> [What the exercise asks]:
Would you transcribe the records below from the line with "Cuisinart 7 Saucepan" to the line with "Photo de Toner", ends included, exactly and with nothing more, leaving the pictures out?

> [Data]:
--- START ---

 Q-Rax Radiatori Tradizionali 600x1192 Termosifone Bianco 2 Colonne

--- END ---
--- START ---

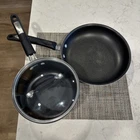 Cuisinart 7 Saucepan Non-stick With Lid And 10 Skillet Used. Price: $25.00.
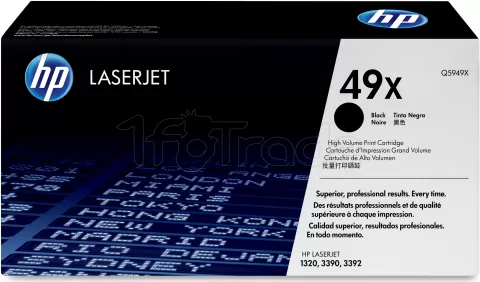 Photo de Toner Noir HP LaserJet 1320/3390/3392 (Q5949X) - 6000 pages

--- END ---

> [Answer for this exercise]:
 Cuisinart 7 Saucepan Non-stick With Lid And 10 Skillet Used. Price: $25.00.
 Photo de Toner Noir HP LaserJet 1320/3390/3392 (Q5949X) - 6000 pages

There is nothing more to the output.